Per quanto io desideri andare oltre ai semplici baci, per quanto io ne senta il bisogno e per quanto sia bruciante e insopportabile il formicolio tra le gambe che ho ogni volta che ci baciamo, non credo di sentirmi ancora pronta per entrare totalmente in sintonia con lei e quindi, ogni volta che capisco che stiamo andando troppo oltre, che stiamo per varcare i limiti che, una volta superati, è difficile ignorare, cerco di rallentare i baci e le carezze e lei fa lo stesso. Entrambe non vogliamo correre troppo anche se, lo ammetto, mai avrei pensato di provare determinate sensazioni e determinati sentimenti, dopo solo un mese di frequentazione.

"È perché vi conoscete da mesi, stupida, i tuoi sentimenti non sono nati ora, li stavi covando da un po', solo che, ora, sono usciti dall'uovo" borbotta saccentemente la mia ragione e io so che non ha torto.

So che provo qualcosa per Olivia fin dalla prima volta che i nostri occhi si sono incontrati e le nostre mani si sono sfiorate, solo che la parte più paurosa e spaventata di me, ha cercato di seppellire questi sentimenti sotto la sabbia. Le emozioni sono cresciute tra i granelli caldi e, una volta raggiunta la maturità, sono esplose uscendo dalla sabbia come fanno i piccoli delle tartarughe di mare.
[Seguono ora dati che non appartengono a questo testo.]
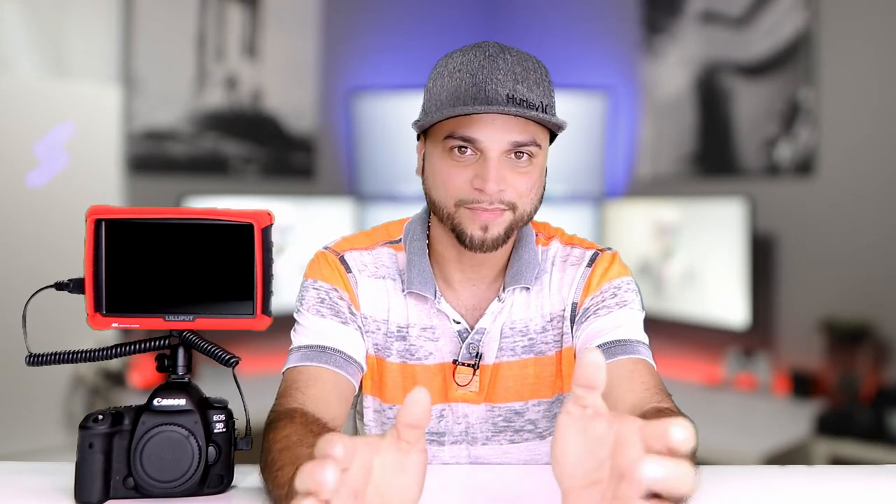I know it has its flaws, especially with 4K — it crops the image and there's a huge file size due to the old-fashioned codec they use. But it works and I still get a great image. The quality is awesome, the color — you can't beat Canon colors. They're coming close, these other guys, but I just love Canon's colors.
Ora cercano solo di raggiungere il mare per lasciarsi, completamente, andare tra le onde fresche.

«Anita?» Sento qualcuno che mi scrolla il braccio e noto che mia nonna mi sta toccando perché la messa è finita e vuole che io raggiunga tutta la mia famiglia sul sagrato della chiesa.

«Sì, eccomi.» Rispondo e mi alzo dalla panca dandole il braccio e accompagnandola fuori.

Sul sagrato c'è un circolo di persone che conversano amabilmente e noi ci uniamo ad essi.

«Ciao Anita, tutto bene?» Mi chiede mia zia venendo verso di me.

«Tutto bene, tutto bene.» E inizia la solita tiritera. Tutto bene. Va tutto bene. Sorridi e sii gentile. E mi raccomando Anita, non dire a nessuno che ti stai innamorando di una donna.